Jason had one of the sharing platters so that we could try the ribs, brisket and pulled pork. You cannot say we didn’t try. I think we pretty much had every single type of meat that was available on the menu between us.
The brisket was buried under the pulled pork, and was as luke warm as Tilly’s. It wasn’t particularly special tasting. The predominant flavour was salt, and although the meat was tender it wasn’t particularly appetising.
The pulled pork was average. You can get it everywhere these days, and it wasn’t anything out of the ordinary. I’d say that if you’re tempted to go, and you stick with the pulled pork you’ll have a reasonable dining experience. If I had to go back it’s what I would have.
The ribs were as tough as old boots. You should be able to pull the meat from the bones with your fingers. Here you had to hack at them with a steak knife. Jason loves barbecue food, and ribs in particular. He left 3/4 of his food.
All the meals come with fries, coleslaw, some kind of bread product and pickles as standard. As noted, the portion sizing is pretty uneven, and the children had bigger portions of the sides than our adult meals.
The fries were warm, not hot, and cooked through, but so anaemic as to be unpleasant. There was some kind of herb mix shaken over them, but it was basically green dust that added nothing to the taste at all.
The pickle was thickly chopped rings of cucumber that had been sitting in vinegar. The pickle, and the coleslaw were warm. About as warm as the fries unfortunately. The pickles were limp, disgusting, and sadly plentiful. I love pickles with my meal. I love things like kimchi and Japanese pickled veg as well as your standard British pickles, but these were horrible. Truly horrible.

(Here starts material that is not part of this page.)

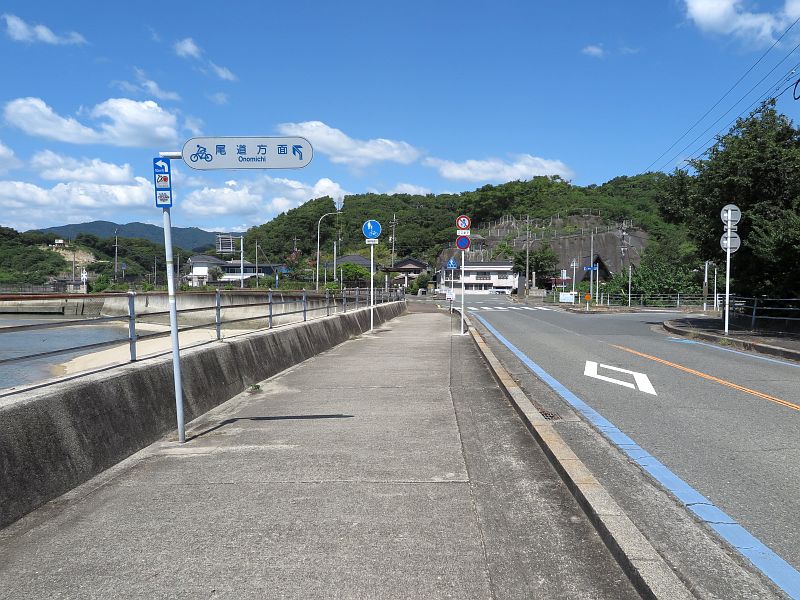 映画「転校生」ロケ地散歩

The coleslaw was warm, limp and tasted like blotting paper. I love coleslaw, but this had no redeeming features whatsoever except that I didn’t find fingernails or blue plasters in it.

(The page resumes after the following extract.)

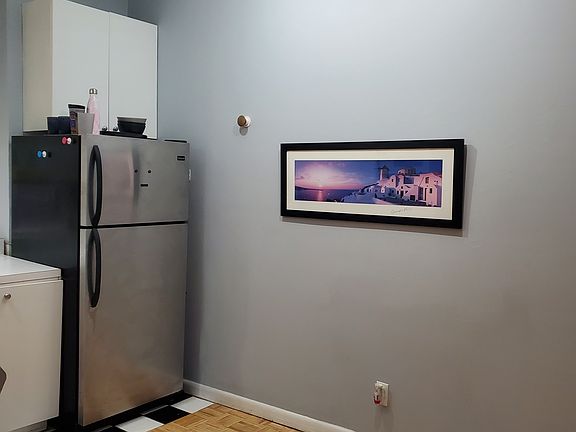 3rd image of 516 E 78th St APT 4H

The bread was the cheapest possible bread you can buy, the stuff that crumbles as you try to eat it, and which sits like claggy paste on your tongue. It was what I imagine they serve in prison, and as the food comes on trays rather than plates the prison image was particularly enduring.
The drinks were ok, but given that you were being served ubiquitous cans of pop with a glass for a huge mark up, I’d have been frankly outraged if they’d gotten this wrong.
There was however, no offer of tap water, when this kind of thing comes as standard in North American restaurants, which this chain is trying to ape. There was no ice in the glasses, ditto.
There was one napkin per person, which given that barbecue is messy, and is traditionally eaten with the fingers is unacceptable. At Bodeans they put an entire kitchen roll out for each table to use, as well as wet wipes. There was one wet wipe on our table. One.
There was no salt and pepper, which we had to ask for. Ditto tomato ketchup. The end of the table, to be fair, does have three or four other sauces for you to use, but given the universal popularity of tomato ketchup it seems ludicrous that it is the one sauce you have to ask for.
Main courses for adults average about a tenner, which for what you got was absolutely outrageous. I added up roughly what it must have cost to produce my meal and came to a rather generous £2 for the entire thing, which had it been a meal of exquisite wonder and taste sensations would not have bothered me half as much as it did. As it was, an £8 mark up for something that resembled a meal I would quite literally cry over if it were given to me in an institution seemed outrageous.
To be fair, the restaurant was heaving with people the entire time we were there, and everyone else seemed delighted with their meals, and amazed that we left with a great deal of food still uneaten. It could be that we are spoiled little flowers. You’ll have to make your own minds up. Just don’t ask me to go with you.